Jakarta, IDN Times - Wakil Direktur Imparsial, Hussein Ahmad, menilai upaya pemerintah dan parlemen melakukan revisi terhadap Undang-Undang TNI (RUU TNI) hanya sebagai dalih, agar segelintir elite di institusi militer bisa kembali berbisnis. Apalagi, Presiden Prabowo Subianto juga datang dari latar belakang militer dan masih mengenal baik sejumlah elite di TNI.
"Menurut saya ini hanya dalih, dalih apa? Dalih dari keinginan segelintir orang di elite TNI untuk kembali seperti masa Orde Baru, di mana TNI bisa berbisnis. Mumpung presidennya sekarang (dari latar) militer, temannya dia. Makanya, dia ingin revisi UU TNI," ujar Hussein di kantor YLBHI, Jakarta Pusat, Kamis (6/3/2025).

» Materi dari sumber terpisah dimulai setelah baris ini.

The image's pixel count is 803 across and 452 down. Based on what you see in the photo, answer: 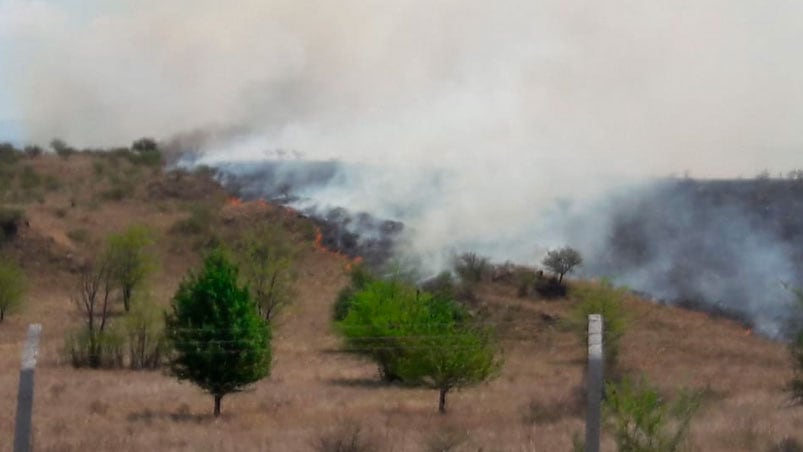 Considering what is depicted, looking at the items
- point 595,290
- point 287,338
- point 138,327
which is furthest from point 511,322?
point 138,327

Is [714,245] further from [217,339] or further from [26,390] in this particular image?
[26,390]

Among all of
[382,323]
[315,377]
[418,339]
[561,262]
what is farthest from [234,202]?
[418,339]

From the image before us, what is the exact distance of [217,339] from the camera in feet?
103

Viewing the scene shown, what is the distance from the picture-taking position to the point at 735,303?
56031 millimetres

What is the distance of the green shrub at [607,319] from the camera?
134 ft

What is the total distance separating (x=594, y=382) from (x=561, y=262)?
4311cm

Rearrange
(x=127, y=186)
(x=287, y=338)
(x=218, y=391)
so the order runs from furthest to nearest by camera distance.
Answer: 1. (x=127, y=186)
2. (x=287, y=338)
3. (x=218, y=391)

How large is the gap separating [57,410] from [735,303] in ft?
124

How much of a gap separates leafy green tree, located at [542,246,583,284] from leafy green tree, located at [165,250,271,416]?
2689cm

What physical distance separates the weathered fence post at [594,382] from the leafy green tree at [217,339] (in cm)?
1838

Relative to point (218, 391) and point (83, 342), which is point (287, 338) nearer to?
point (83, 342)

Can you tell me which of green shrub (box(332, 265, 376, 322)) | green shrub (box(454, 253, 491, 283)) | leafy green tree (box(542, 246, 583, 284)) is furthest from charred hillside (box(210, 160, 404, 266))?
leafy green tree (box(542, 246, 583, 284))

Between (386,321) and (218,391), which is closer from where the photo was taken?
(218,391)

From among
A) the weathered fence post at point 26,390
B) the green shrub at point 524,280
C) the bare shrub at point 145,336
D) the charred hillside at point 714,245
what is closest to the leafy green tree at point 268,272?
the bare shrub at point 145,336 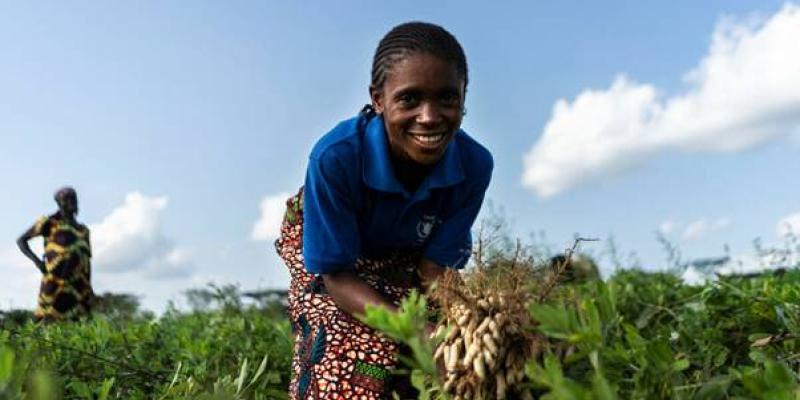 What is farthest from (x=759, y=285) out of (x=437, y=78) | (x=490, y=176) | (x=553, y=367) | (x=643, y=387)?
(x=553, y=367)

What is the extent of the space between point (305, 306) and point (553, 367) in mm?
1783

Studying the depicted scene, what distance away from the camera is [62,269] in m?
10.7

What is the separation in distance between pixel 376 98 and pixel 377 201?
1.06 feet

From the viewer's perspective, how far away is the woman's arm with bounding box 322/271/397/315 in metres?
2.66

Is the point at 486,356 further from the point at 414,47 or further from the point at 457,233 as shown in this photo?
the point at 457,233

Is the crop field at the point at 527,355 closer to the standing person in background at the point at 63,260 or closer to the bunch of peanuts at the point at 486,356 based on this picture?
the bunch of peanuts at the point at 486,356

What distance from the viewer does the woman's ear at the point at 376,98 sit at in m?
2.83

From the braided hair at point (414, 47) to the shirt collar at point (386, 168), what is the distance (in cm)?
15

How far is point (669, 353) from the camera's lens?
1.55 meters

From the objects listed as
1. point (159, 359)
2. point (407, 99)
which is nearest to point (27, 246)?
point (159, 359)

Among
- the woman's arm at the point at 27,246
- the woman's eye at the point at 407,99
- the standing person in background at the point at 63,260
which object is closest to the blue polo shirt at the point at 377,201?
the woman's eye at the point at 407,99

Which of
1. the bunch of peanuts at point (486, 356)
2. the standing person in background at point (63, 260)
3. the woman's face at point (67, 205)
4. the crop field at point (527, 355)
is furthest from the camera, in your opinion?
the woman's face at point (67, 205)

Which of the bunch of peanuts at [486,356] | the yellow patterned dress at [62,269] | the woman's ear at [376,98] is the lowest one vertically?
the bunch of peanuts at [486,356]

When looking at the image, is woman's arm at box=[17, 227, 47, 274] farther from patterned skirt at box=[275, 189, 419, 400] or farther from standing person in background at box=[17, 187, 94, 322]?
patterned skirt at box=[275, 189, 419, 400]
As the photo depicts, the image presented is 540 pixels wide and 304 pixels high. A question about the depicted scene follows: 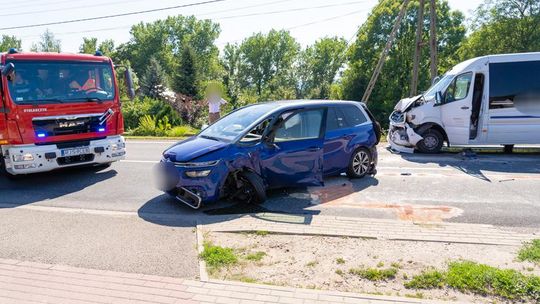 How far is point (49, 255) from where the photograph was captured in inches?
186

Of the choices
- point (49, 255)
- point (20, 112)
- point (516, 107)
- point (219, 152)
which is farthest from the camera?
point (516, 107)

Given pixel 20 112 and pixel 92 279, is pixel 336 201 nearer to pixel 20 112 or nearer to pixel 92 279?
pixel 92 279

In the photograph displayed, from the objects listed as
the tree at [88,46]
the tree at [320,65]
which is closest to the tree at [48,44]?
the tree at [88,46]

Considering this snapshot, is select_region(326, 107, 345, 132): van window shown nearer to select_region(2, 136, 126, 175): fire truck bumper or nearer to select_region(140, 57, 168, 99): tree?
select_region(2, 136, 126, 175): fire truck bumper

Larangan berbisnis bagi prajurit TNI tertulis dalam Pasal 39 huruf C. Dalam larangan itu juga dapat dimaknai prajurit TNI tak boleh mendirikan perusahaan terbuka, baik di dalam atau di luar jam kerja.
Menurut Hussein, alasan yang disampaikan TNI untuk bisa membenarkan para prajuritnya berbisnis tidak masuk akal. Salah satunya, lantaran selama ini sehari-hari prajurit di level bawah terpaksa harus mengerjakan pekerjaan tambahan untuk memenuhi kebutuhan hidup. Sejumlah pekerjaan sampingan dilakukan mulai dari menjadi driver ojek daring, berjualan kelontong, hingga sayur.
"Kalau prajurit di lapangan sampai harus ngojek, jual sayur, berarti ada masalah soal kesejahteraan. Siapa yang bertanggung jawab soal kesejahteraan prajurit? Ya Panglima TNI," katanya.
"Kalau logikanya dibalik, bila prajurit saya tidak sejahtera bukan malah didorong berbisnis, tapi saya penuhi kesejahteraannya, supaya mereka bisa fokus sebagai alat pertahanan negara," imbuh Hussein.